- Theatrical release poster
- Directed by: Kannusamy Rajendran
- Starring: Santhosh Nambirajan; Raveena Ravi; Vijay Sathya;
- Cinematography: Suresh Maniyan
- Edited by: Venkat Rajen
- Music by: Ilaiyaraaja
- Release date: 29 December 2023;
- Country: India
- Language: Tamil

= Vattara Vazhakku =

2023 Indian film by Kannusamy Rajendran

Vattara Vazhakku is a 2023 Indian Tamil-language directed by Kannusamy Rajendran starring Santhosh Nambirajan, Raveena Ravi and Vijay Sathya and the music composed by Ilaiyaraaja. It was theatrically released on 29 December 2023.

==Cast==
- Santhosh Nambirajan as Sengai Maaran
- Raveena Ravi as Thotichi
- Vijay Sathya

== Production ==
The film was shot in a village named Thodaneri near Madurai.

== Soundtrack ==
The soundtrack was composed by Ilaiyaraaja.

Track listing
| No. | Title | Singer(s) | Length |
|---|---|---|---|
| 1. | "Thai Piranthal Indru" | Jithin Raj, Srinisha Jayaseelan | 4:12 |
| 2. | "Premai Enathu Oor" | Karthik Raja | 4:24 |
| Total length: |  |  | 8:36 |

==Reception==
===Critical response===
Jayabhuvaneshwari B from Cinema Express wrote "Illaiyarajaa's music for the film, which is expected to be the cherry on top, is only par for the course.
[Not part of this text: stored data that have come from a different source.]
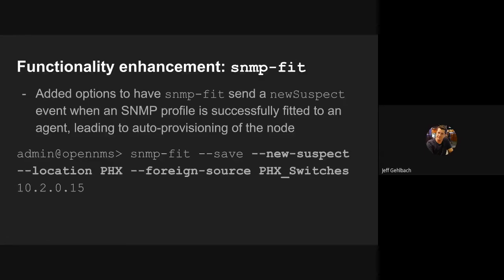I also made a functionality enhancement to the SNMP fit command. I found myself in the situation a couple of weeks ago of having a network to auto discover, but none of the hosts in the network were pingable, ping was blocked by the firewall into the environment. Even between the minion and the devices.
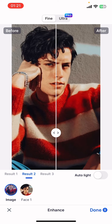Look at the before and after. Once you find the result you like, tap on Done. You might have to buy the premium subscription, or you can simply watch an ad and then save that photo.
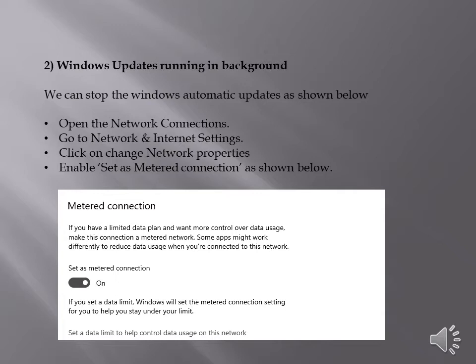Open the network connection, go to network and internet settings, click on change network properties and enable set as metered connection.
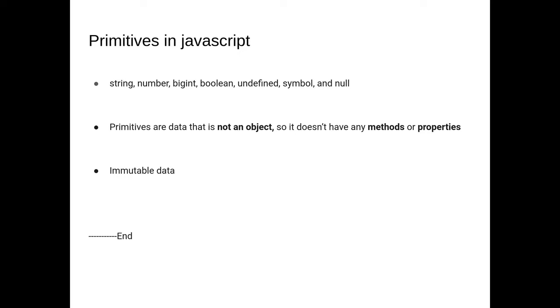That's basically what a primitive is. It's just immutable data that has no methods or properties because it's not an object. This is the end of the video, so if you have any suggestions leave them down in the bottom below.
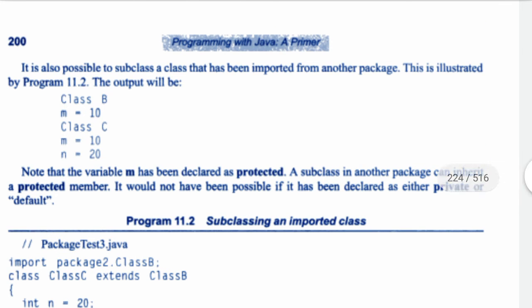In such instances we have to be more explicit about which one is intended to use. It is also possible to subclass a class that has been imported from another package. This is illustrated by program 11.2. The output will be: Class B m = 10, Class C m = 10, n = 20. Note that the variable m has been declared as protected. A subclass in another package can inherit a protected member; it would not have been possible if it had been declared as either private or default.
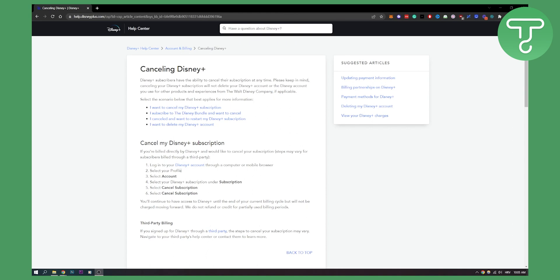You select your profile, select your account, and then you can select your Disney Plus subscription under subscription. Then you'll be able to select cancel subscription on your mobile or on your computer.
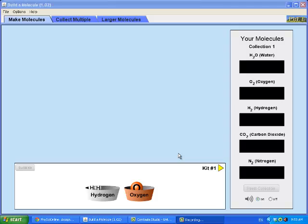In this PHET simulation, you will be building molecules.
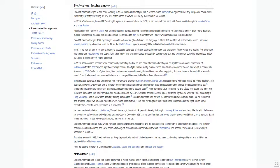In 1978, he won all four of his bouts, including successful defenses of his title against former world title challenger Richie Kates and against four-time world title challenger Yaqui Lopez. The Lopez fight, their first of two, was considered a classic by boxing experts, Saad Mohamed surviving a relentless attack by Lopez to score an 11th round knockout.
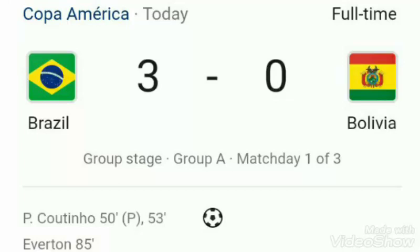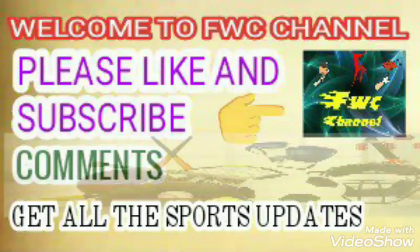Brazil won the match 3-0. Coutinho scored two goals and Everton scored one goal. Thanks for watching.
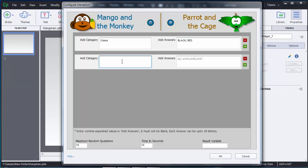If you want to add multiple categories, click the plus mark to add another category. I'll add Numbers. One important thing to remember: this is a word-based game, so you cannot add numerals like 0, 1, 2, 3, 4, 5 — only letters. So I'll add 'one' and 'two'. Now I have two categories: Colors and Numbers.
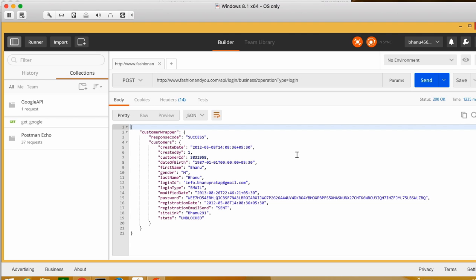When you get a response, you need to validate whether the response is correct or not. We can validate by two ways: one, we know what data we expect; and two, you can make a query to the database. In the DB you can query, for example, what is the gender, last name, and registration date for a user like Bhanu, and compare that with the response.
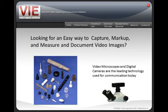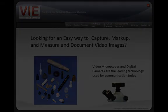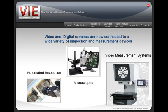Are you looking for an easy way to capture, markup, measure, and document video images? Video microscopes and digital technology have become the leading technology for communications in businesses today. Video and digital cameras are now connected to a wide variety of inspection measurement devices. We interface to automated inspection systems, microscopes, and video optical comparators.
Probably to satisfy the tragic end, the film is overloaded with violence and bloodshed that makes us uncomfortable". A reviewer of The Times of India says "The Kannusamy Rajendran film is not one of those films that's dead on arrival, but it progresses to be way less impactful than what it set out to be". A reviewer of Times Now says "Standing out as a film that ponders the consequences of seeking vengeance, the Kannusamy Rajendran directorial's lack to build up its characters as well storyline was its ultimate downfall". A reviewer of Kalki wrote "The story of the film takes place in the period of 1987. Some of the songs composed by Raja during this period are played in the background from time to time. This is also good. Suresh's cinematography captures the warmth of Karisal forest". A reviewer of Ananda Vikatan says "But due to the absence of an interesting screenplay and screenplay to justify this, this local case is boring the audience".